Credit: FARO webinar

An example of a substation, where cloud-to-cloud based registration was used.

The answer is cloud-to-cloud. It was a good choice and worked well because the accuracy required wasn’t the highest. Remember: the accuracy of the project is crucial.

What about in an office building, with a focus on the interior space? Cloud-to-cloud will only work in a situation such as this if you’re scanning in the doorways in order to ensure you’re getting enough overlap on the scans.

What do you think about the figure below? What’s the best registration method for a railway scan, where the client wants to compare rails scans every week and monitor movement?

Credit: FARO webinar

An example of a railway, where target-based registration was used.

The answer would be target-based registration using spheres. This is because the highest accuracy possible is required as this is a rail monitoring project. Targets in the form of spheres and survey control (our next section) are necessary, as each week, subsequent scans need to be georeferenced to the baseline scans to monitor any changes.

What about on an asphalt-paved street? Is target-based the right option, or is cloud-to-cloud the reliable bet? In this case, cloud-to-cloud will work, but its accuracy on asphalt isn’t good enough.
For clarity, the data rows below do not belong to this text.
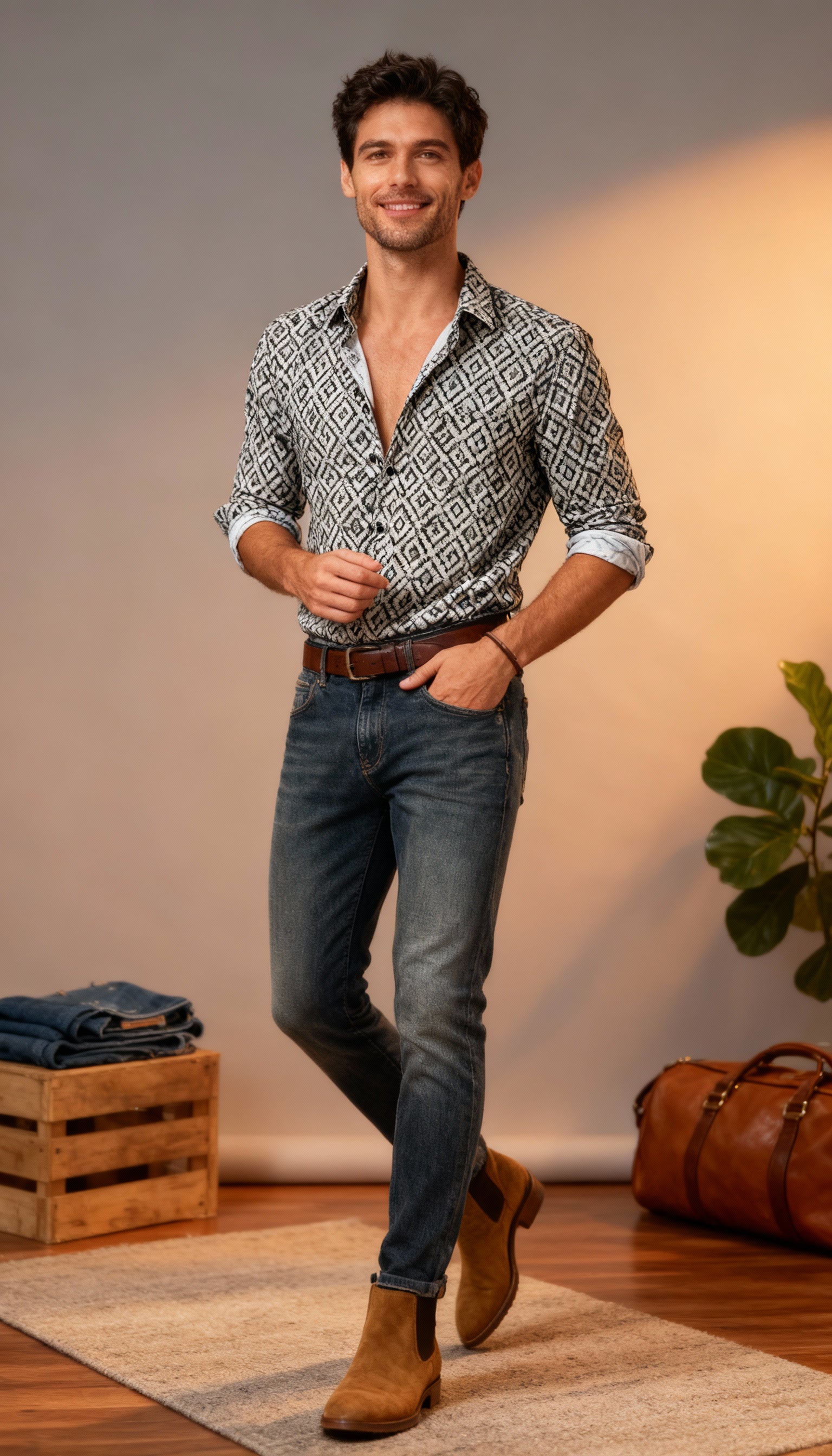 Self Design Printed Men's Shirt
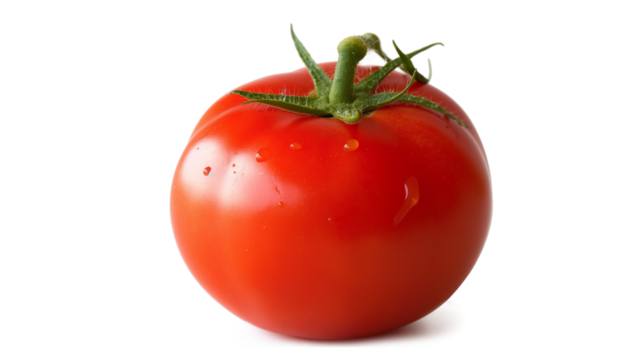 Colorful red tomato isolated on a transparent background
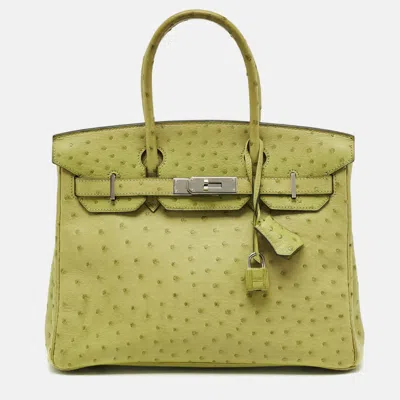 Pre-owned Hermes Vert Anis Ostrich Palladium Finish Birkin 30 Bag In Green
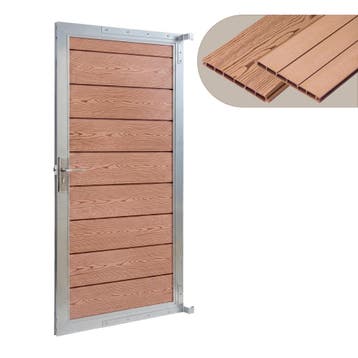 Tuindeur Segovia tuinpoort met privacyscherm 180x90 cm bruin, Verzenden, Nieuw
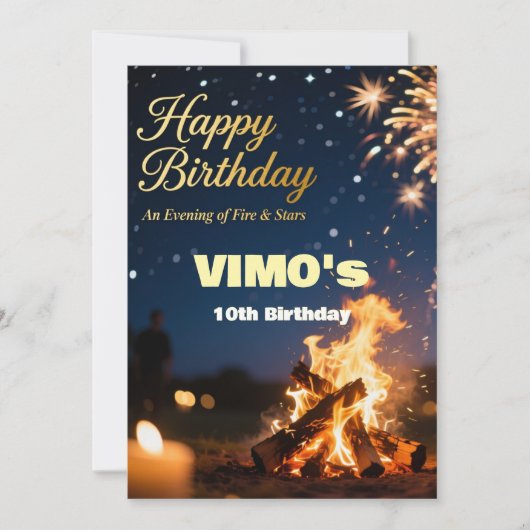 Elegant Bonfire Night Birthday Invitation (Vorderseite)
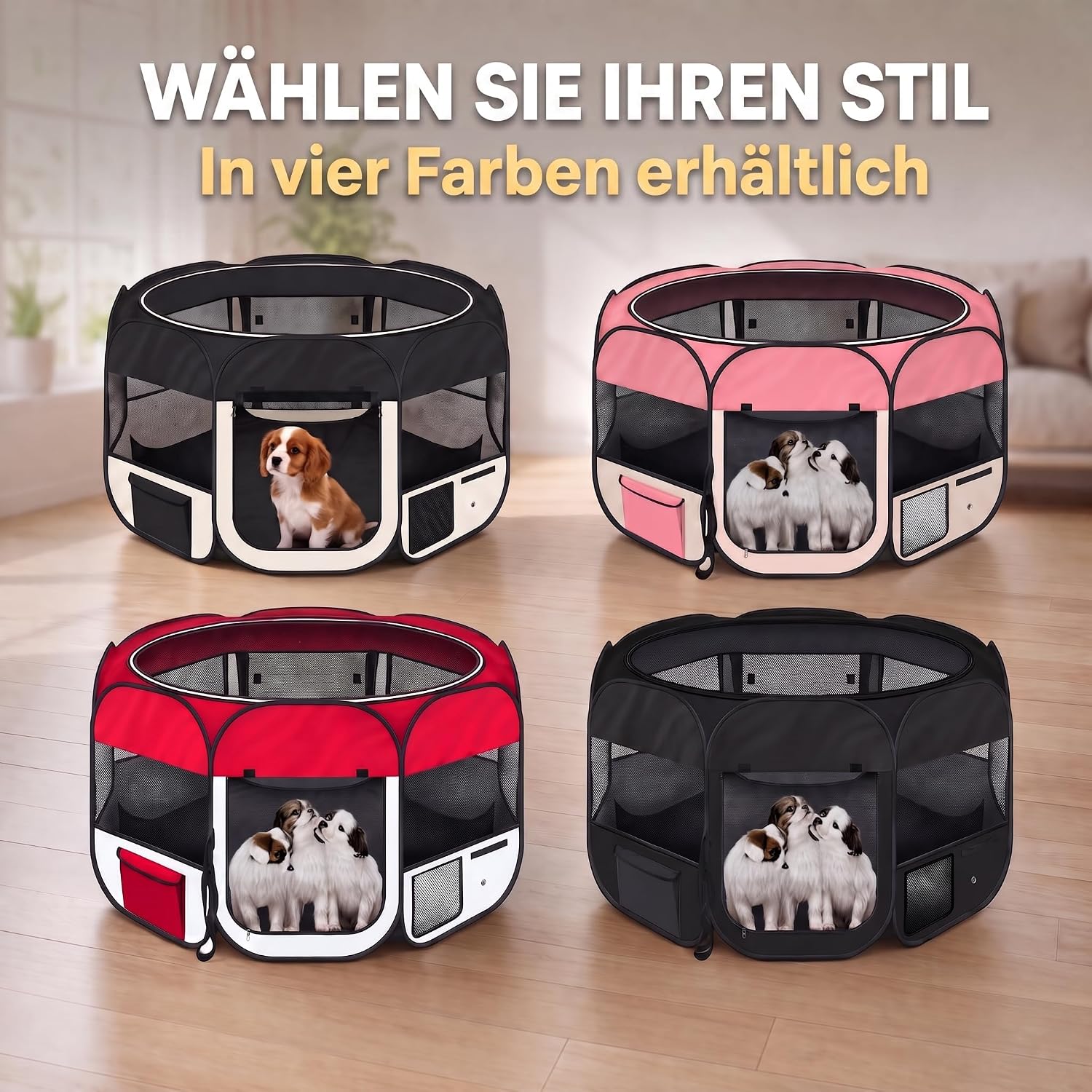 XXL Welpenlaufstall - Faltbares Hundegehege für Innen & Außen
Asphalt is the most important feature in these scans for surface and grade extraction, so targets need to be used. They also need to be used in order to move scans to survey control.

Survey Control

Now that we’ve mentioned it a few times, we need to talk about survey control. Survey control is essentially aligning scans using a model like a BIM model or aligning them to a state or known coordinate system. Geographic positions are specified relative to a fixed reference. An example would be positions on the globe specified in terms of angles related to the center of the Earth. Land surveyors measure horizontal positions in geographic or plane coordinate systems relative to previously surveyed positions called control points. According to the National Oceanic and Atmospheric Administration (NOAA), in the U.S., the National Geodetic Survey (NGS) maintains a National Spatial Reference System (NSRS) that consists of approximately 1,500,000 survey marks or control stations. Once a control network is established, surveyors use instruments, such as laser scanners, to measure angles and distances between locations and to ensure that their positional coordinates are compatible with those determined by others.
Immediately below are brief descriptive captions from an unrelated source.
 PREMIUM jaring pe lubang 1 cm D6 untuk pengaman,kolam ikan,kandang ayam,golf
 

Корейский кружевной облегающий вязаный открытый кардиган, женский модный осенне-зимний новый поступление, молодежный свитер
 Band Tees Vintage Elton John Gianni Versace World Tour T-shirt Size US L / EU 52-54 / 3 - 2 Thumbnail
Control surveys establish a common, consistent network of physical points that are the basis for controlling the horizontal and vertical positions of projects, such as highways and facilities. Project control surveys provide consistent and accurate control for all subsequent project surveys, including LiDAR mapping, topography, land and property surveys, right-of-way surveys, and more.

To ensure continuity of projects, it is important to register those survey points to a mathematical representation of the topography. All spatial objects must be maintained in a common coordinate system, meaning, they must be tied to control points with geodetic or state ground coordinates. Arbitrarily setting monuments as needed for the mapping control is one pattern that can be used for physically placing survey control throughout the project. Another would be systematic planning of control points that are easily accessible for a variety of different projects.

Therefore, the survey control network is the framework for the entire project. It will only be as accurate as the control survey in which it is based.

Survey control can be completed using target-based registration to align scans to a survey control network. In order to do this, you need a minimum of three matching pairs of targets and two overlapping scans.

Credit: FARO webinar

An example of survey control using target-based registration.

For example, looking at Figure 5 above, you will scan the on-site checkerboards that that the surveyor hung up. The surveyor has shot the center of that checkerboard target in the coordinate system that you want to move your scans to. On the right hand side of the figure, you will see the actual coordinates of the checkerboard after the survey. You need three of these matching pairs of targets like this, and we can move our scans to survey control.

Surveyors are also able to use cloud-to-clouds scans, then lock all the scans together, and move those using target-based registration to survey control. It is important to note that one result might give better accuracy than another. A third way to establish survey control is using individual scans independent of any other scans around. There is no need to align scans to each other if the scans can be moved to survey control individually. All you’ll need is three points.

No Survey Control?

What happens if you do not have any survey control? This might occur if you do not have access to a surveyor, or maybe another situation might be when you went out and surveyed a pipe, there were no checkerboards up on site so there is no reference to transfer your scans to.

Let’s use an example where you have a BIM model. You went and scanned the project site, but there is no survey control. Luckily, it is possible to still use target-based registration; it just won’t be as accurate as having an actual surveyor out there establishing targets. But really, it is all about doing the best you can. So, all you have to do is look at the scans, look at the model, then find three pairs of points. You need a minimum of three pairs of corresponding point features in order to perform registration without survey control. You find a point that you can see in the scan that you’re also able to see in the model. Then you create three of these pairs and use target-based registration. In essence, it is a rotation in translation of scans, which is all target-based registration — or any registration — is.

This can be with either a 3D or 2D model. Using a 2D CAD model, if you can see three points in that scan, you are able to move your scans to the model. This is generally not as accurate as survey control, but it will get you pretty close.